I know that we have no other indication that William Bonnell had any connection with the sea.  I find it intriguing, however, that at least two ships of the Virginia line, the Dragon and the Pocahontas, were built and outfitted on the Rappahannock River at Fredericksburg.  This area is the northern border of Spotsylvania County, where the Bonnell, Wright, and Rossell families were living at the time.  The crews for these two ships were recruited from that area from 1777 until 1778.
Some other points to ponder: 
  • This Bonnell family appears to have been tradesmen rather than farmers.  We know that Samuel, Sr. and Samuel, Jr. were both blacksmiths.  We've not found that William Bonnell owned land at any place he lived, so I think it is reasonable to assume he was also involved in a trade.  Tradesmen would seem to be sought after in the initial outfitting of a ship.  

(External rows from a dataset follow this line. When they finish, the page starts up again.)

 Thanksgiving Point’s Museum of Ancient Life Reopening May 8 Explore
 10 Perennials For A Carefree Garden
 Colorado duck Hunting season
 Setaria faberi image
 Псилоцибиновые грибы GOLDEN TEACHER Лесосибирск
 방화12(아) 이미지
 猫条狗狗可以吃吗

  • It is seems clear that although the William Bonnell in this record served honorably enough to receive pay in 1785, this service did not result in a land grant.  Land grants were only awarded if the service member completed three years of service, so this individual must have served less than this period.

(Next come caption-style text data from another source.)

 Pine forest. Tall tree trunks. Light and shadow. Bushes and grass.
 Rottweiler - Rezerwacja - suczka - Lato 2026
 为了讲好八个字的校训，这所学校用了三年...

  • We've not found that anyone has claimed connection to this naval William Bonnell with the DAR or SAR.  Unlike most of these records, where there is a stamped of people trying to prove their Revolutionary War connection, the familial connection to this record seems lost.

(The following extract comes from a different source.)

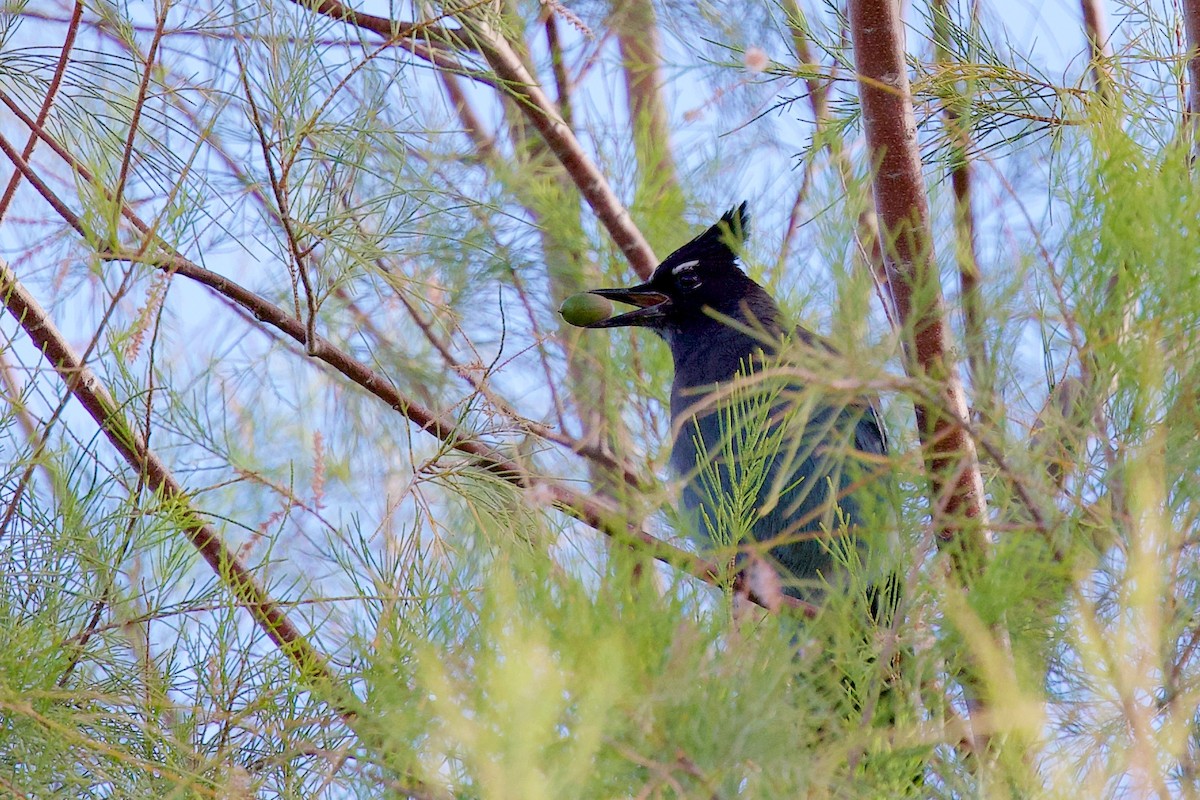 Steller's Jay - ML645947580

  • We still don't know why Jacob Wright died, but that event occurred while these ships were outfitting and recruiting at Fredericksburg.  Was there any connection?
  • There were other Bonnells and Burnells involved in shipping further north during this period.  Is there any connection? (see attached photos).
 In summary, we still don't have enough information to say what this record means, but I think the coincidences are strong enough to justify a deep research dive to determine if this naval Bonnell is the same as our ancestor.  I'll include a couple of websites I found useful so far...

George Farris responded:

Thanks for this information and analysis.  I had also been searching through the RW records available on this week for any Bonnell records that might apply to the William Bonnell of Spotsylvania VA.  There were none that I could find there.  The Brumbaugh compilation from 1936 that you reference is probably as complete a  list as exists anywhere for the VA naval vessels and their crews.  But, again, no William Bonnell is listed so these rolls must not be complete since the one VA pay record that you found does show William Bonnell as a VA ship's master.  Given the timeframe and location refernces that you cite involving the VA naval vessels it seems likely that this was our William Bonnell.  But there may not be any way to verify that from existing records.  I've encountered a similar situation regarding John Farris's RW service.  There seem to be no muster or pay rolls or other direct evidence of his service other than his own account in his pension application that is consistent with historical records.

When you make it back to do more research in the VA Archives some time in the future perhaps you can find more about this William Bonnell.  I think we have already identified enough other areas requiring more research there to occupy many days.  Perhaps your military career will take you back to that area and allow some research time in the future.